Jekyll

It’s early in our bootcamp and we’ve been learning HTML & CSS, the bones of web development. HTML & CSS are simple languages that the developer uses to layout a website’s design and information. Hopefully the developer designs the site in a way that is:

  • clear to understand
  • easy to navigate
  • a pleasure to behold

Even working on a very simple website it becomes obvious that with every little change, you frequently end up performing repetitive, reduntant actions. If you mispell a word in the menu then you have to go to every page that has a menu (all of them) and fix the spelling. This happens a LOT. (No jks abut my speling, pleese.) If you have 5 pages, this is a minor annoyance. If you have 20 then life just isn’t worth living.

This is where Jekyll comes to the rescue.

A Better Way Of Life

Jekyll is built on the principle of DRY, or Don’t Repeat Yourself.

It separates each portion of a website page into its own partition. These segments are then called on when wanted. This puts the information in one place instead of on every page.

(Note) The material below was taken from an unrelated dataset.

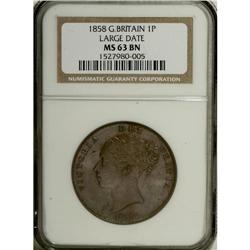 Great Britain: Victoria Young Head Penny 1858, K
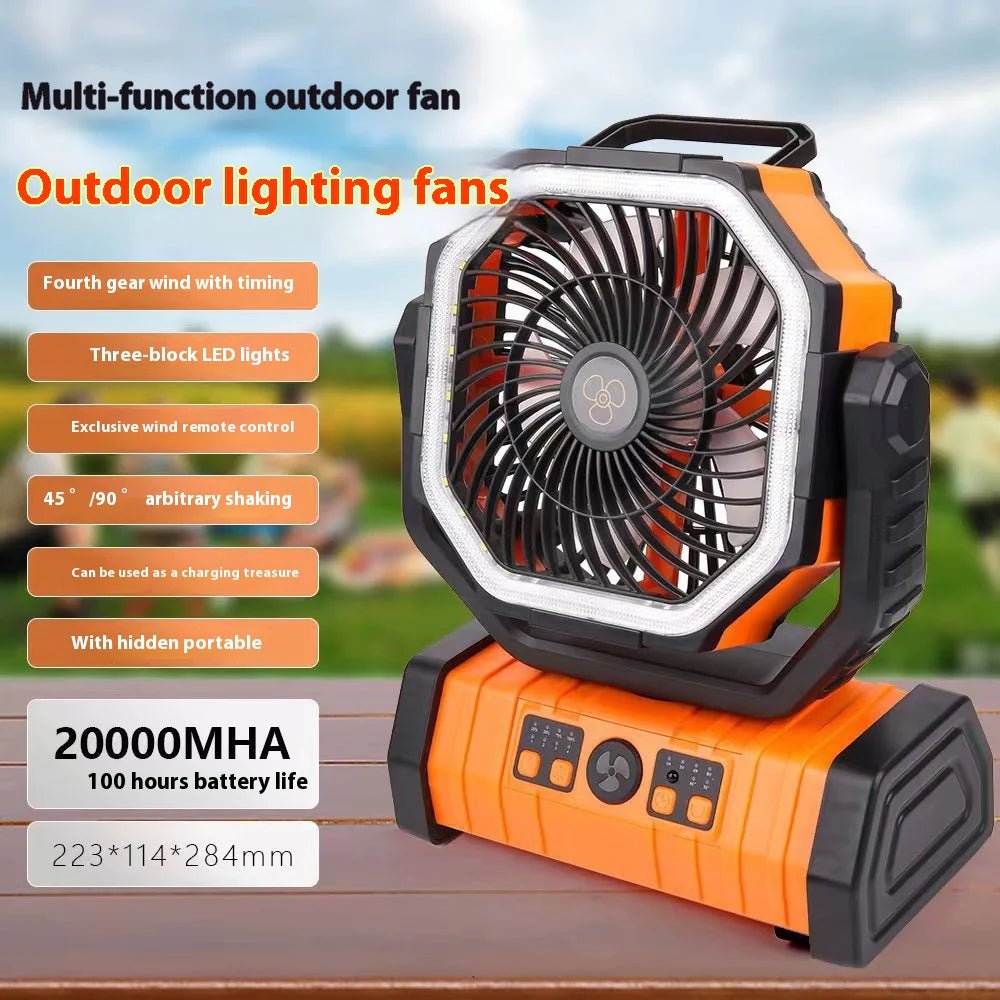 Outdoor Household Power Bank LED Light Camping Fan - Milo Hub 56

For example, if you have hyperlinks in your footer (contact, copyright, etc.) and they appear on 1000 pages, then you can separate the footer from the rest of the page. The code for your footer will only be in one place but Jekyll will make it appear on all 1000 pages.

As someone who loves efficiency, I find this a beautiful thing.

It feels very modular. I also love Legos.

Is There No Downside?

I loved every aspect of Jekyll until it came time to actually write this blogpost.

Blogs in Jekyll are written using Markdown, a basic text formatting language. Simplicity is good, but after days of immersion in CSS the lack of any styling for the text nearly drove me bonkers.

I spent an unfortunate hour or two trying various ways to add CSS styles to my Markdown. To no avail.

I’ve been assured that tomorrow we will be learning Bootstrap and all my problems will be solved.

Till then, I’ll simply carry on. And hopefully sleep.